In 2012, their third album simply titled, 111, proved a kind of country-rock reunion mecca inspired by The Nitty Gritty Dirt Band’s landmark, Will the Circle Be Unbroken. The sessions completed across the American and European continents with the help of WAV files and, brings together Richie Furay of Poco & Buffalo Springfield, Rick Roberts of Firefall & The Flying Burrito Brothers, Herb Pedersen of The Dillards & The Desert Rose Band, Pat Shanahan of Rick Nelson and the Stone Canyon Band and Jock Bartley of Firefall and Gram Parson’s Fallin’ Angels. The 14 song collection is remarkable in that it includes classic songs of the country rock era including Gene Clark’s “Full Circle,” “Sin City,” and the classic Louvin’ Brothers song, “The Christian Life” featuring Louvin worthy vocal exchanges between Richie Furay and Herb Pedersen, alongside originals by Ron Martin. It all flows together seamlessly as though Martin called back all of the lost celebration of those early days with his original material. This congregation of musicians have resurrected and breathed new life into the best work of the surviving veterans of the day. Gram Parsons and Gene Clark must have been smiling down during these sessions. The music certainly carries his spirit. But, the source of the music comes through every note, each nuanced and craftily carved arrangement. It sings with the celebration of soul that is universal to any genre of music.

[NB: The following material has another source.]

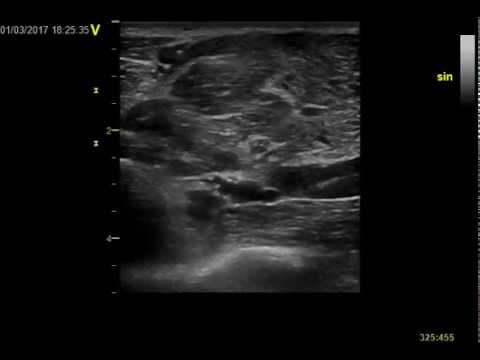 Anterior interosseous enlargement at pronator exit. Nerve ultrasound.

The latest album, 2012’s Back to the Country, is a continuation of 111 with more original and faithful recreations. It even gives Richie Furay the chance to reinvent his Poco classic, “And Settlin’ Down” in a bluegrass vein. They have also found time to complete a live album and DVD of Ron Martin’s reunion with the band in concert in Milan, Italy in 2011. Their international band includes Mike Gallivan(Colorado) on bass, Franco Svanoni (Italy) on drums , Anna Satta (Italy) on fiddle, Stefano Van Rossi(Italy)upright bass, guitars, persucssion and brass, Francesco De Chiaro(Italy) mandolin, flutes and pipes, Manual Corato(Italy) on guitars and keyboards, Francesco Fruigiuele on bass and guitars, Kathrine Walcyzwk on vocals and Joseph Torguson(USA0 on pedal steel.

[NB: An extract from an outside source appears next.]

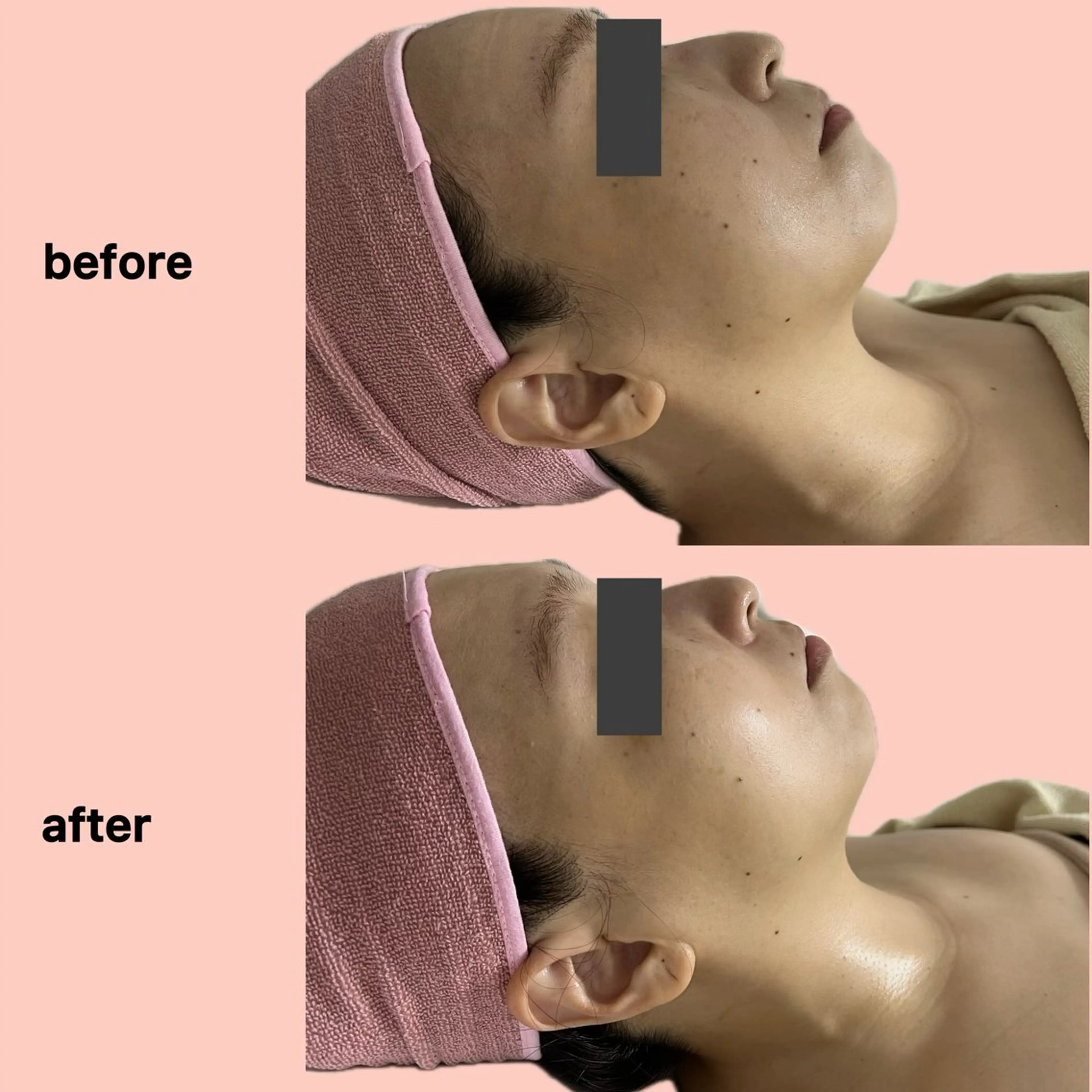 エステ gleam ü 枚方公園のエステ・リラクイメージ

Like a thorny rose, life has its way of working some pain into the mix of the magic. All along, Ron Thomas has had to deal with the ongoing challenge of Lyposarcoma, a form of cancer which requires ongoing treatment that he has dealt with since 2003. But, his attitude has remained one of gratitude. Today he says that the miracle is that he has lived through the last decade seeing dreams come true that he never imagined would happen. He said the main goal of the band is to ‘love each other and make music together.’ That love extends to their audience as well.

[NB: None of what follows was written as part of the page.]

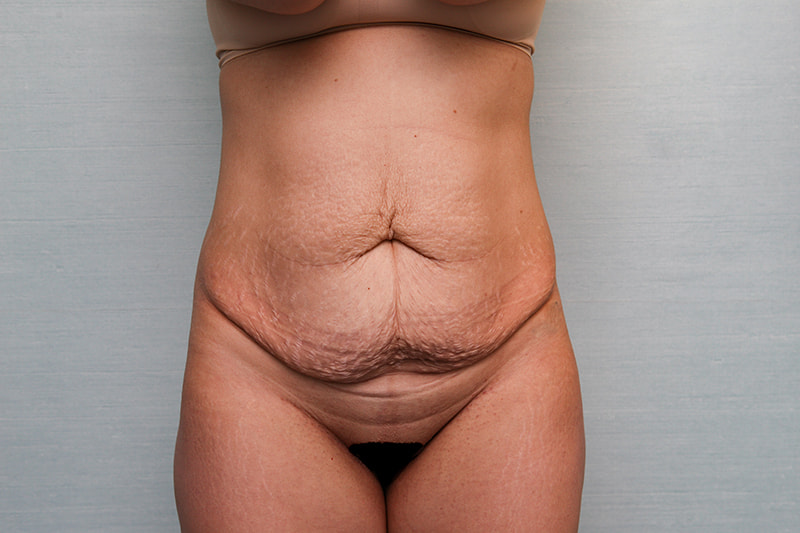 Abdominoplasty Before & After Patient Photo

In another one of those strange twists of fate in this remarkable story, Marco Zanzi has been battling pancreatic cancer. After being declared cancer free, he was recently told there is a reoccurrence of the disease. This puts on hold future reunions and recordings. There is a Christmas album in the making, which may wait until next year with the return to good health of both brothers, Ron and Marco. But isn’t it so much like a family to sing together, pray together and even suffer through illness together. As interviews were held with bass player Mike Gallivan and Ron Martin, the concern in their voice for their brother Marco was clear. It shows that the term brother in the band name isn’t just for effect. It’s real and heart felt. Beyond being great musicians, they are also great friends and mates along the musical life journey. They continue to plan ahead and listen to the move of the muse that remains deep in their spirits and in the common thread of a musical tapestry they never suspected possible in their lifetime.